[The task] For this exercise, reproduce only the lines from the one holding "Bluetooth 5.0 Deep" through the final line of the data below, exactly, and omit pictures.

Start of Block

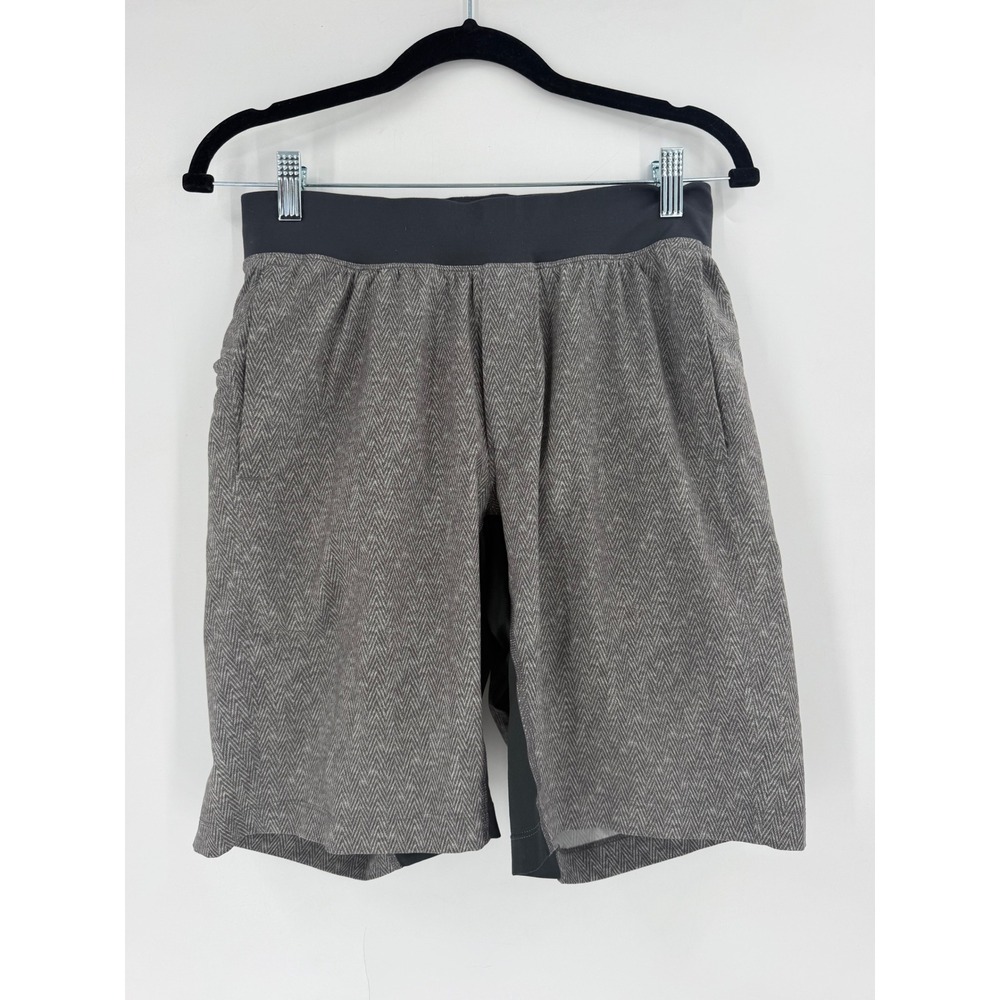 Lululemon Pace Breaker Shorts Mens S Gray Herringbone Lined Athletic Gorpcore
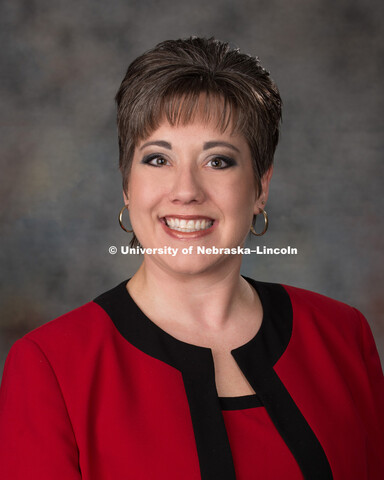 Studio portrait of Angela Dibbert, Central Administration. January 19, 2017. 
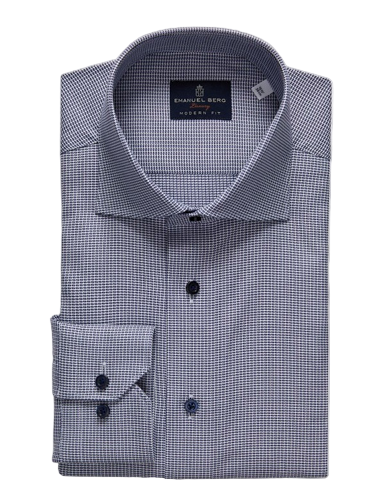 Natural Stretch Yoga Twill Premium Luxury Dress Shirt in Navy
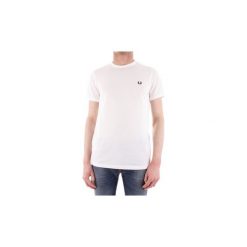 T-shirty z krótkim rękawem Fred Perry M3519. Białe t-shirty męskie Fred Perry, s, bez wzorów, bez kołnierzyka, krótkie. Za 295,67 zł.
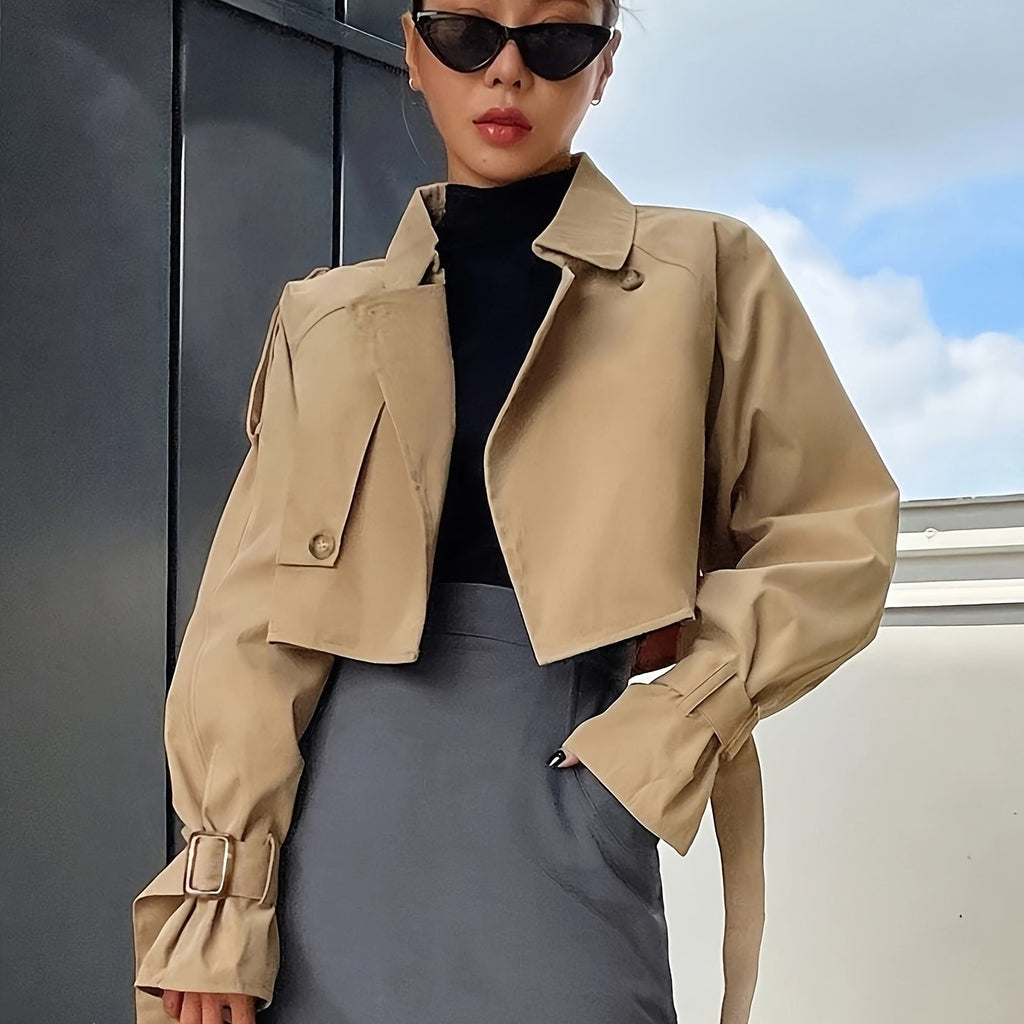 Women's Cropped Trench Jacket | Buckle Cuffs – Casual, Office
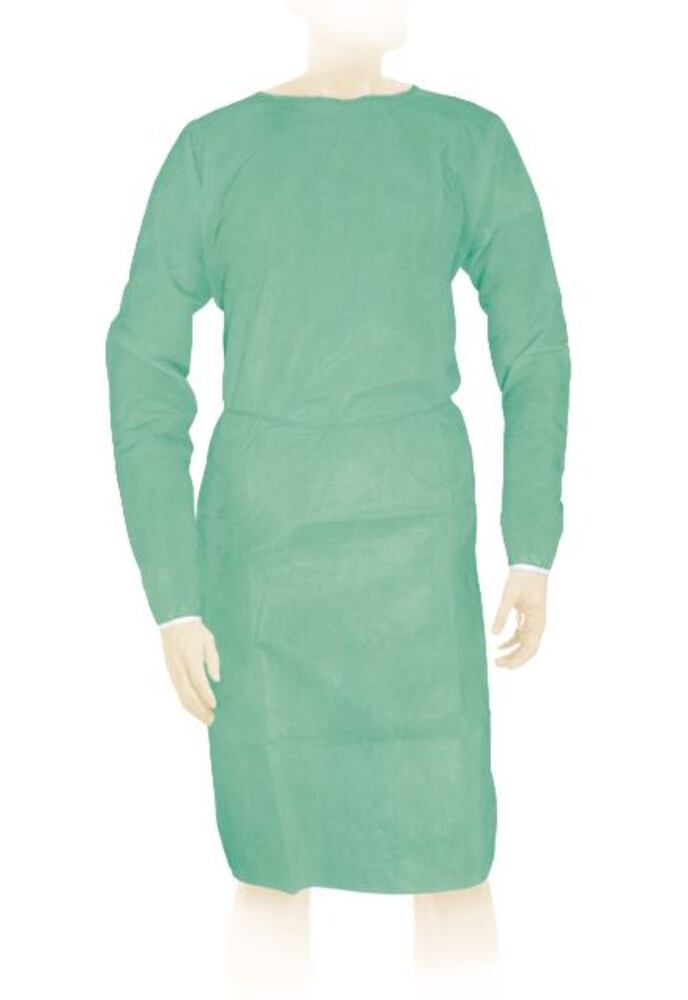 BEESANA® disposable gown for visitors, green, L 140 cm, 10 unit(s)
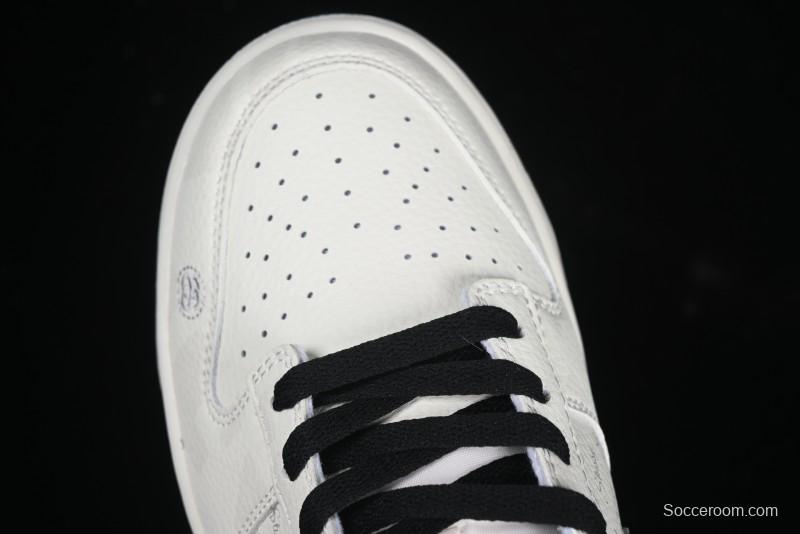 Nike SB Dunk Low Stussy Collaboration Barcode Embroidery Grey Hook Anniversary Custom Low-Top Casual Skate Shoes - DJ2024-054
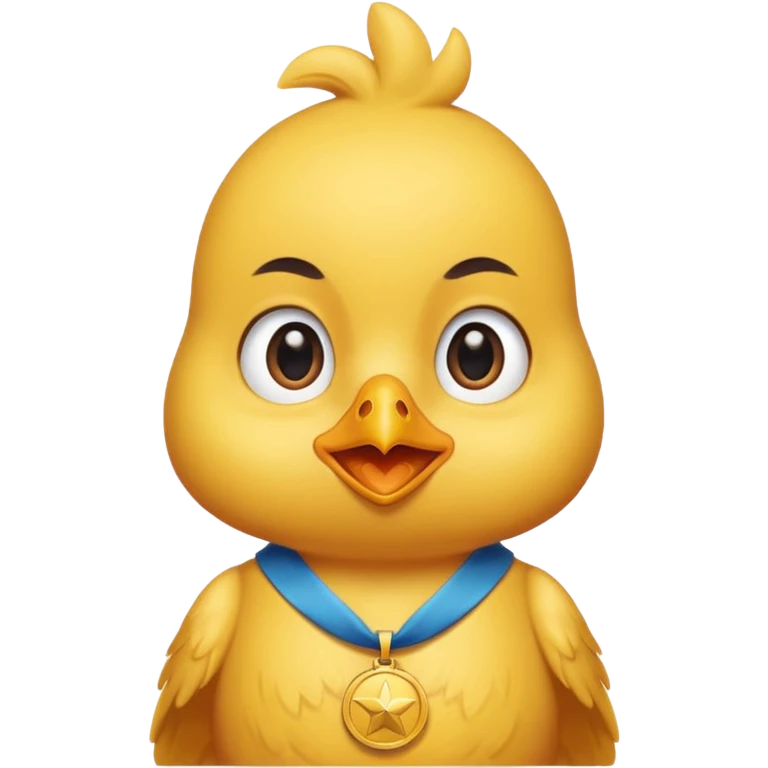 Chick with a medal around neck  emoji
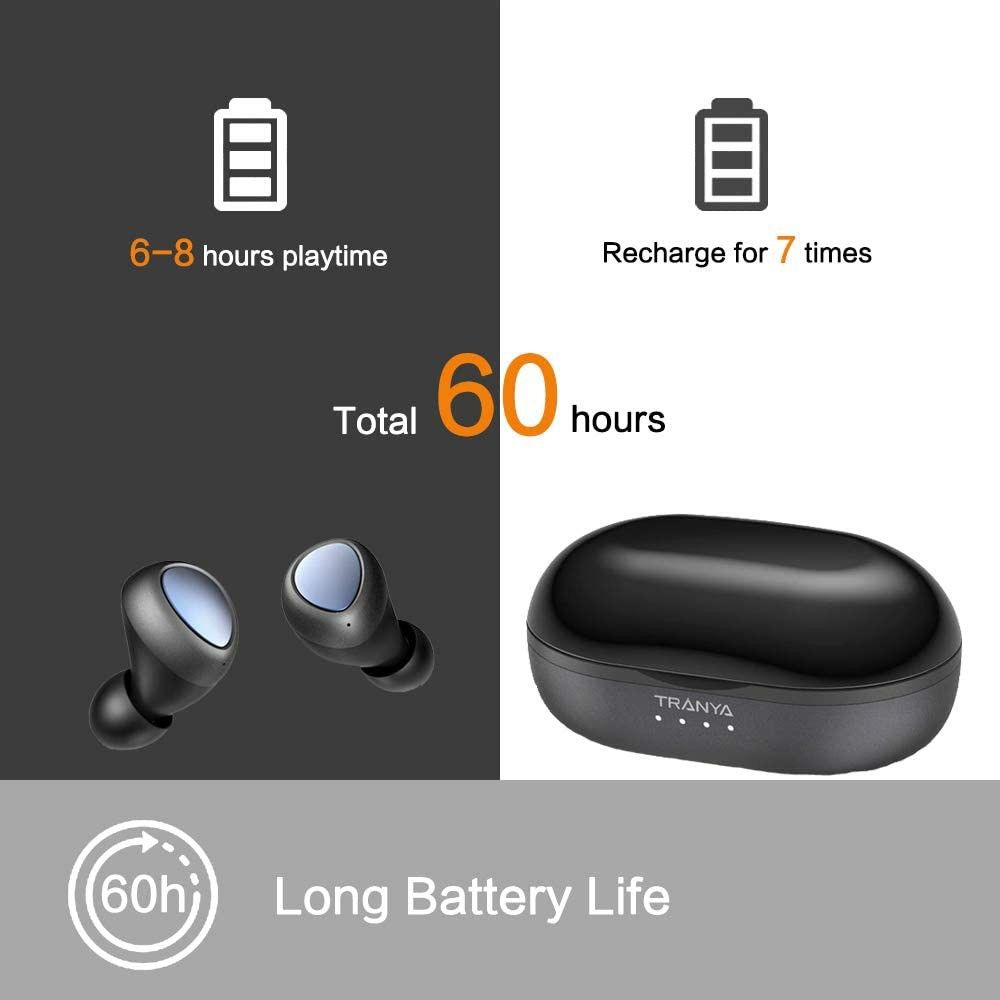 Bluetooth 5.0 Deep Bass True Wireless Earbuds Built-in Mic, Tranya T3 Sports Wireless Headphones, 6-8 Hours Continuous Playtime.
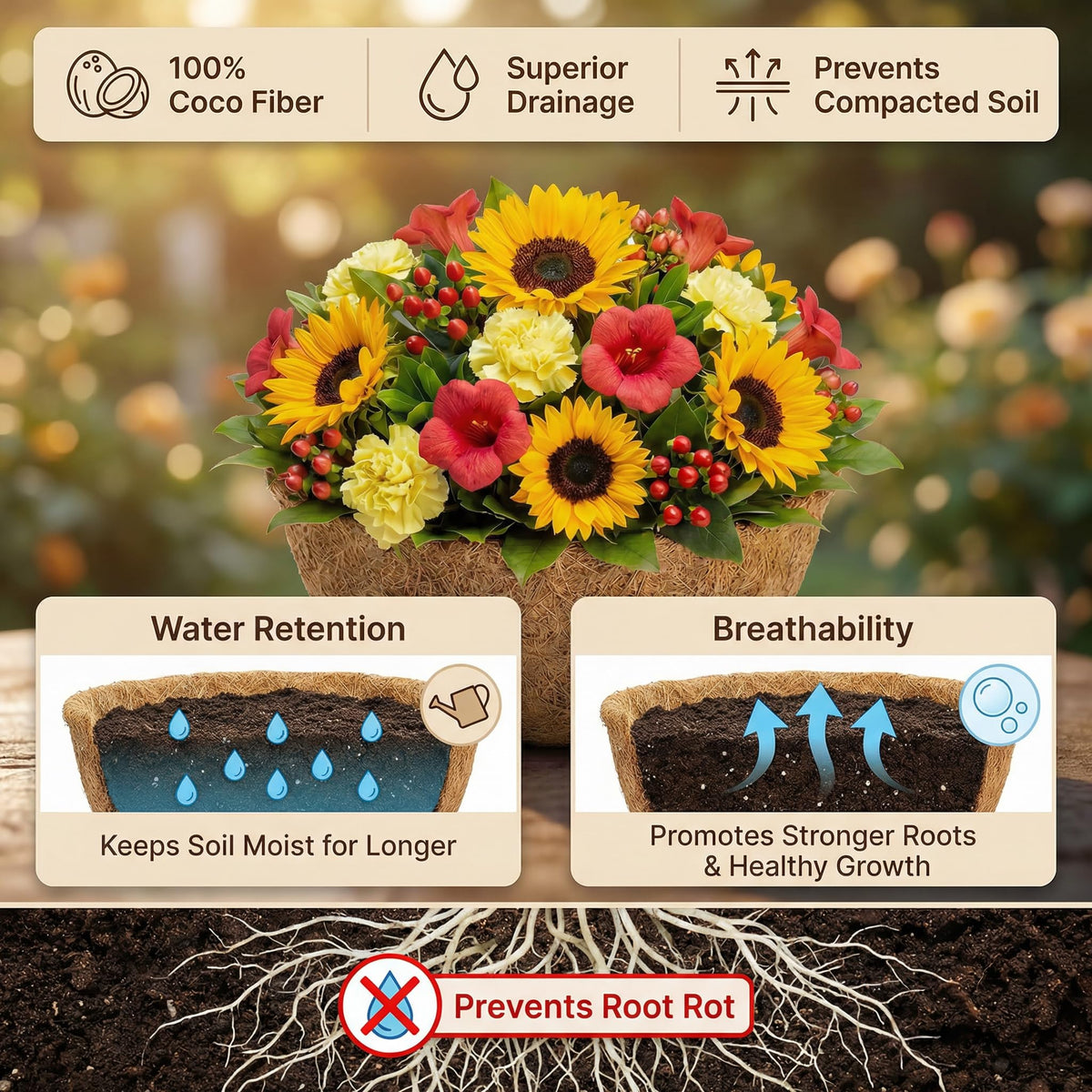 HFHOME natural coco-fiber liner, eco-friendly option for garden containers.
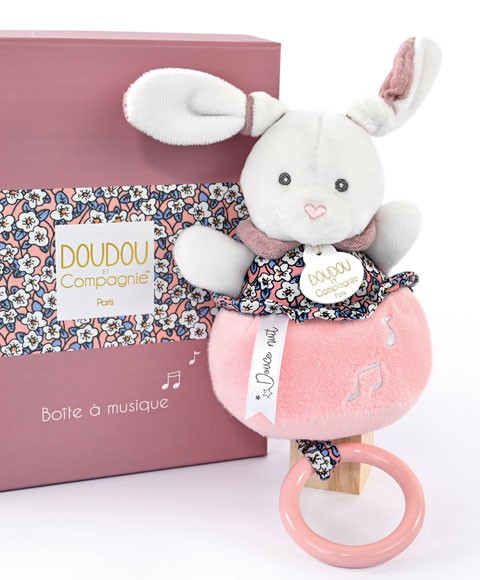 Boîte à musique lapin rose boh'aime - Doudou et compagnie - DC4028
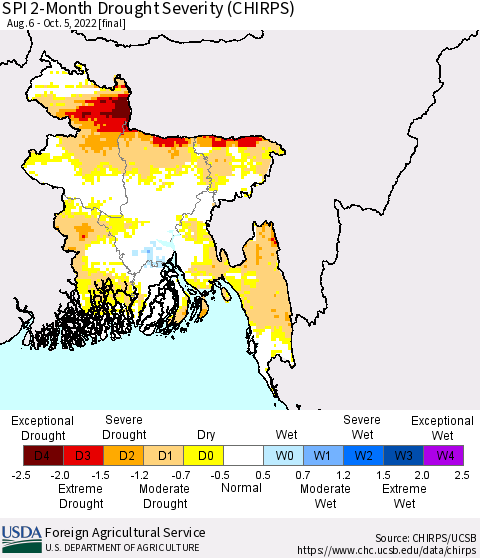 Bangladesh SPI 2-Month Drought Severity (CHIRPS) Thematic Map For 8/6/2022 - 10/5/2022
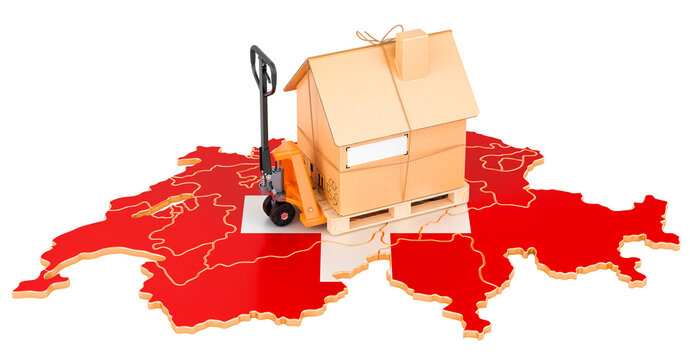 Residential moving service in Switzerland, concept. Hydraulic hand pallet truck with cardboard house parcel on Swiss map, 3D rendering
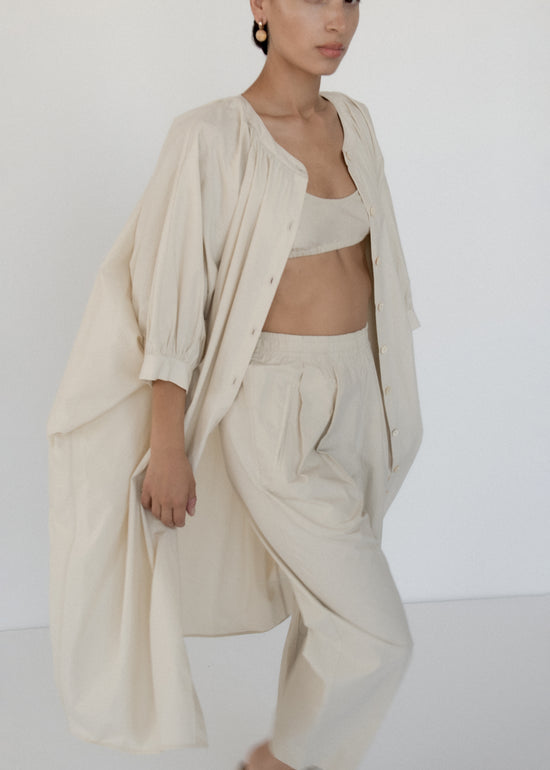 Button Front Kaftan | Khaki Parchment Poplin | Modern Weaving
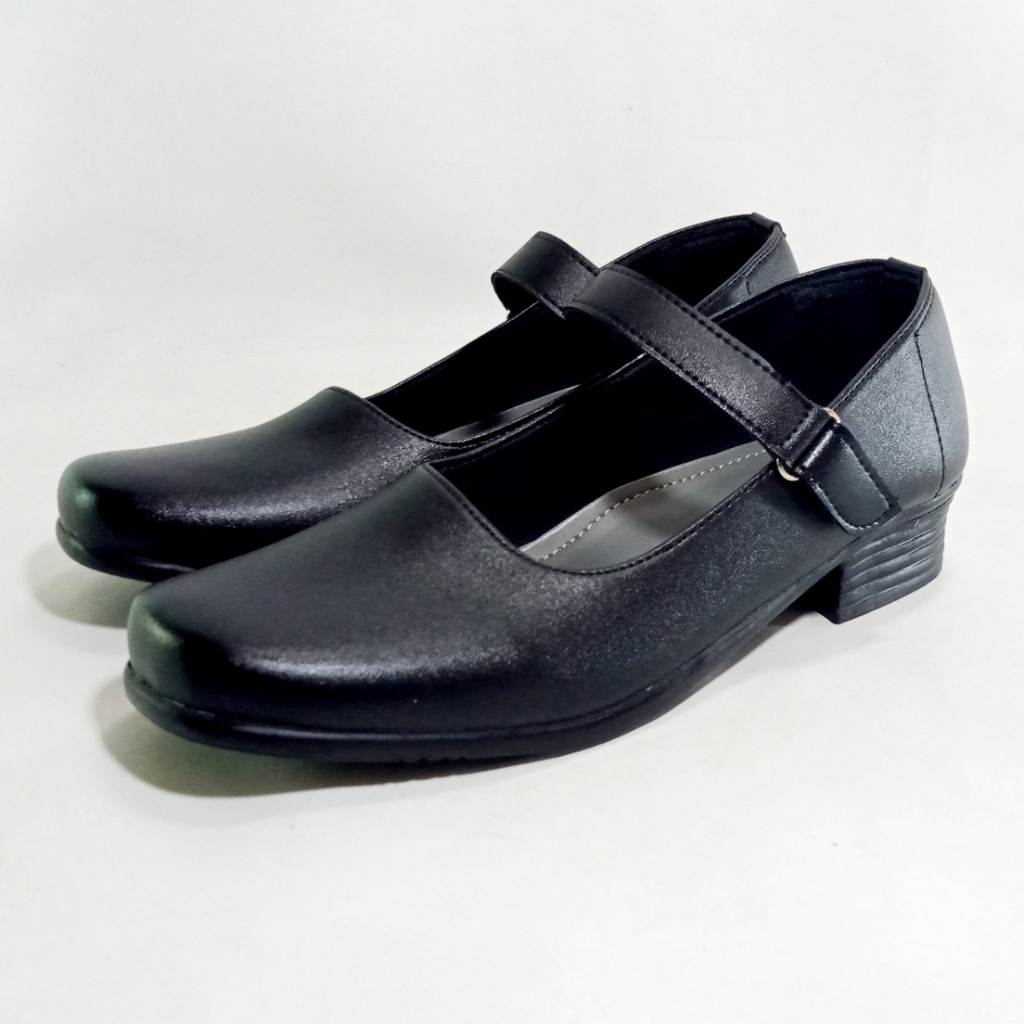 G.02 Hitam Sepatu Pantofel Sekolah Paskibraka Hak 3cm Size 36-41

End of Block

[Response to this exercise]
 Bluetooth 5.0 Deep Bass True Wireless Earbuds Built-in Mic, Tranya T3 Sports Wireless Headphones, 6-8 Hours Continuous Playtime.
 HFHOME natural coco-fiber liner, eco-friendly option for garden containers.
 Boîte à musique lapin rose boh'aime - Doudou et compagnie - DC4028
 Bangladesh SPI 2-Month Drought Severity (CHIRPS) Thematic Map For 8/6/2022 - 10/5/2022
 Residential moving service in Switzerland, concept. Hydraulic hand pallet truck with cardboard house parcel on Swiss map, 3D rendering
 Button Front Kaftan | Khaki Parchment Poplin | Modern Weaving
 G.02 Hitam Sepatu Pantofel Sekolah Paskibraka Hak 3cm Size 36-41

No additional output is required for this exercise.